*A judge has dismissed a lawsuit against Michael Jackson’s companies, saying they had no legal obligation to protect boys from sexual abuse.
A Los Angeles judge ruled on Monday that Wade Robson, who is featured in the 2019 HBO documentary “Leaving Neverland,” cannot sue Jackson’s businesses, MJJ Productions and MJJ Ventures, over the childhood sexual abuse he allegedly suffered at the hands of the singer for seven years.
Here’s more from Variety:
The suit was first dismissed on statute of limitations grounds, but was revived in 2020 after California amended its state law to give plaintiffs in child sex abuse cases more time to sue. Robson had accused Jackson’s loan-out companies, MJJ Productions and MJJ Ventures, of facilitating the singer’s abuse against him and others. In his ruling, Judge Mark A. Young held that the companies had no ability to control Jackson because Jackson wholly owned both of them throughout his life. Young dismissed a similar suit brought by James Safechuck, the other subject of “Leaving Neverland,” on the same grounds last October. That case is now on appeal.
Robson’s attorney, Vince Finaldi, intends to appeal the decision.

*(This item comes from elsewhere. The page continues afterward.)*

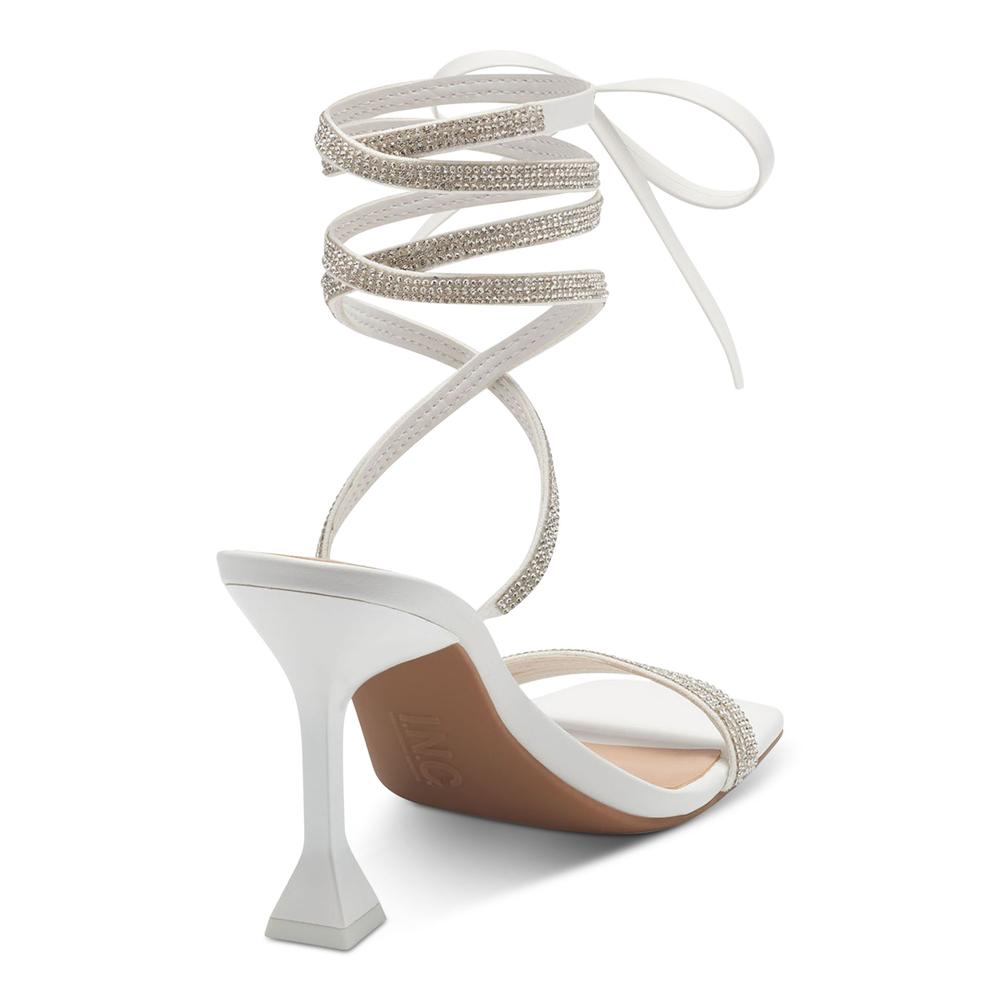 International Concepts INC Womens White Tie Straps Rhinestone Padded Bradki Open Toe Sculpted Heel Lace-Up Dress Heeled Sandal 9.5 M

“If allowed to stand, the decision would set a dangerous precedent that would leave thousands of children working in the entertainment industry vulnerable to sexual abuse by persons in places of power,” Finaldi said in a statement. “The children of our state deserve protection, and we will not stop fighting until we [ensure] that every child is safe.”
Jonathan Steinsapir, the attorney representing Jackson’s corporations, praised the judge’s ruling.
“Wade Robson has spent the last eight years pursuing frivolous claims in different lawsuits against Michael Jackson’s estate and companies associated with it,” Steinsapir said a motion for summary judgment. “Robson has taken nearly three dozen depositions and inspected and presented hundreds of thousands of documents trying to prove his claims, yet a Judge has once again ruled that Robson’s claims have no merit whatsoever, that no trial is necessary and that his latest case is dismissed.”
He also explained why Jackson’s companies can not be held responsible for the abuse Wade and Safechuck allegedly suffered.
“There was no way for the corporations to supervise or exert control over Jackson, their sole shareholder,” said Steinsapir. “The Corporations therefore had no ability — and thus no duty — to protect Plaintiff from Jackson’s alleged criminal conduct as a matter of law.”